TASK TO CARRY OUT:
I need the lines from the one containing "CompTIA CertMaster Practice" through the last line of the entries retyped exactly, with no pictures among them.

── MATERIAL SUPPLIED ──

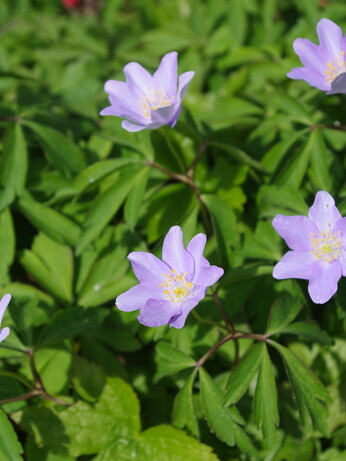 Plant profile - Dwarf anemone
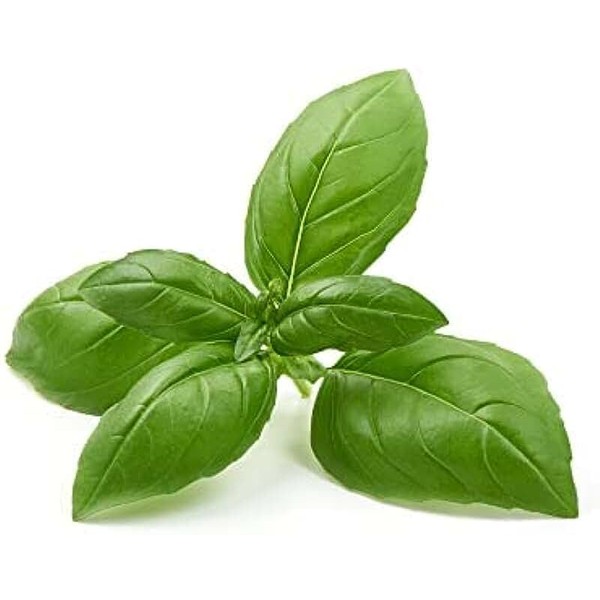 Herb Plug Plants - Basil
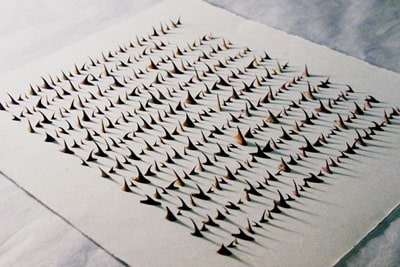 Read by Touch- Thorns on rice paper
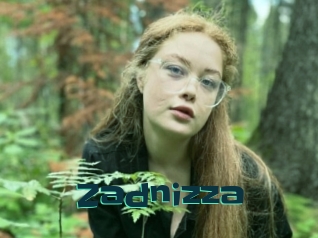 Zadnizza
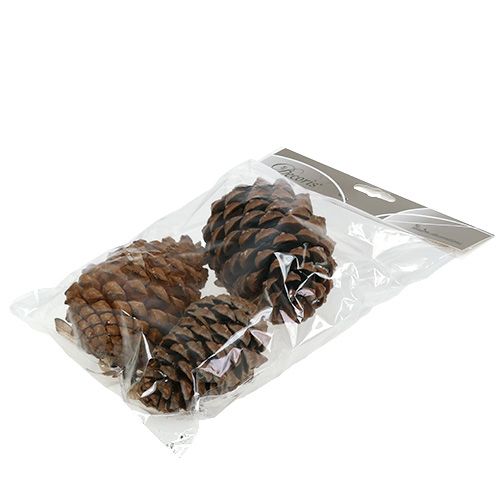 Prodotto Coni Pinus Maritima 10cm - 15cm Naturale 3 pz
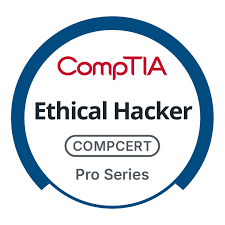 CompTIA CertMaster Practice for Cloud Essentials+ (CLO-002) - OFERTA FLASH: 50 % DE DESCUENTO (solo 2) 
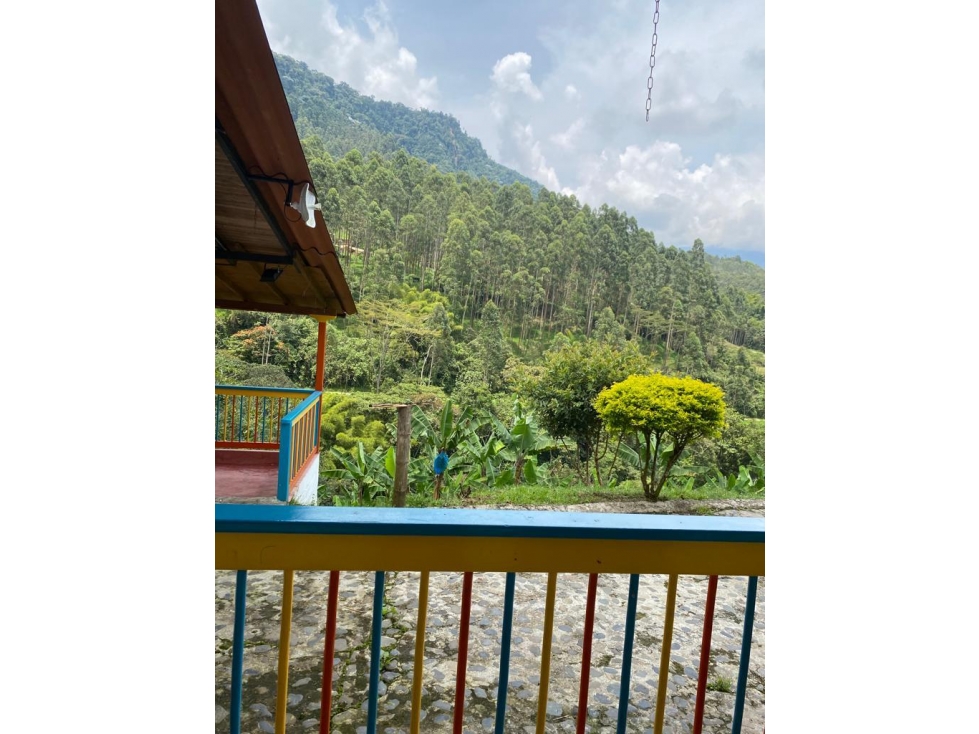 SE VENDE FINCA VEREDA LA SALADA EN JARDÍN ANTIOQUIA 24.200 MTS — foto 6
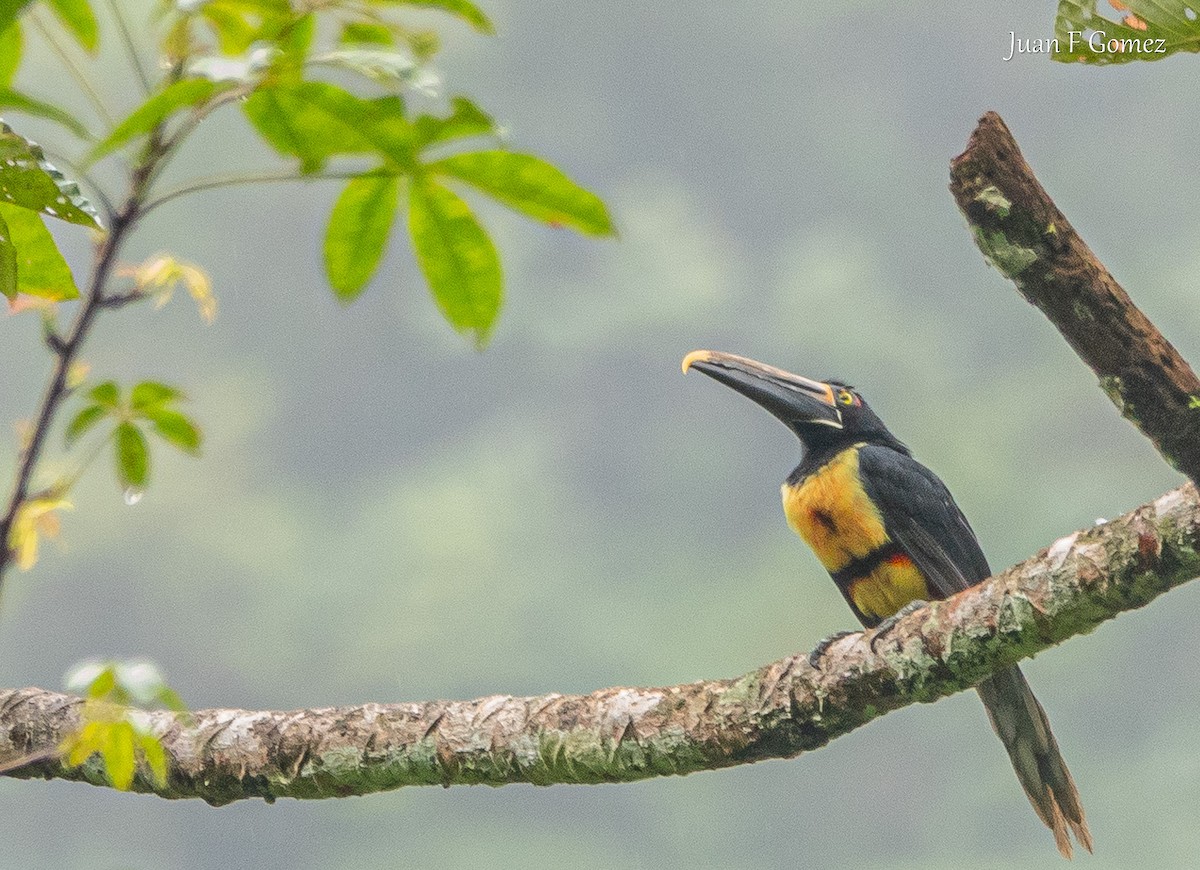 Collared Aracari (Stripe-billed) - ML620492060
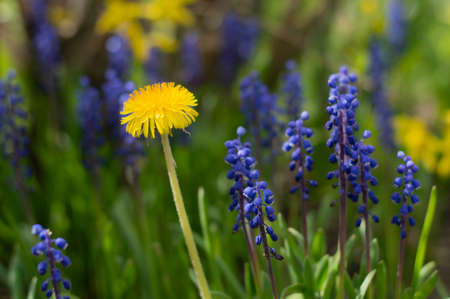 Blurred image of a dandelion and blue flowers against a background of spring greenery. Flower image.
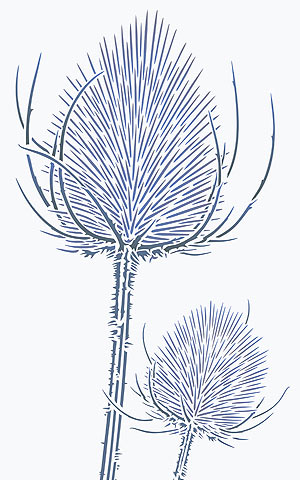 Wild Teasel Stencil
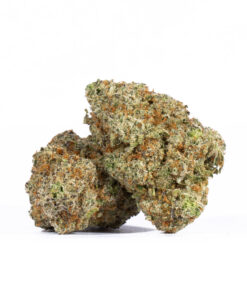 ALIEN-OG1.jpg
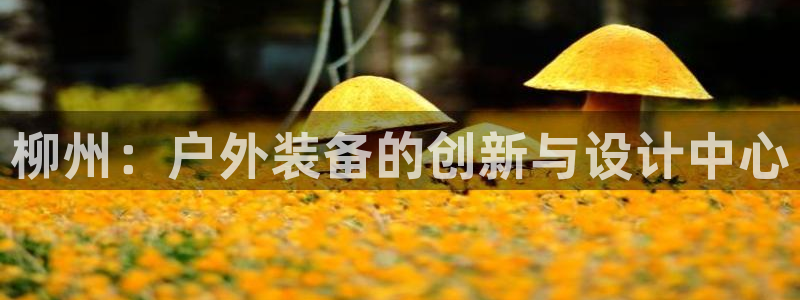 新宝gg主管weibo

───

ANSWER SPACE:
 CompTIA CertMaster Practice for Cloud Essentials+ (CLO-002) - OFERTA FLASH: 50 % DE DESCUENTO (solo 2) 
 SE VENDE FINCA VEREDA LA SALADA EN JARDÍN ANTIOQUIA 24.200 MTS — foto 6
 Collared Aracari (Stripe-billed) - ML620492060
 Blurred image of a dandelion and blue flowers against a background of spring greenery. Flower image.
 Wild Teasel Stencil
 ALIEN-OG1.jpg
 新宝gg主管weibo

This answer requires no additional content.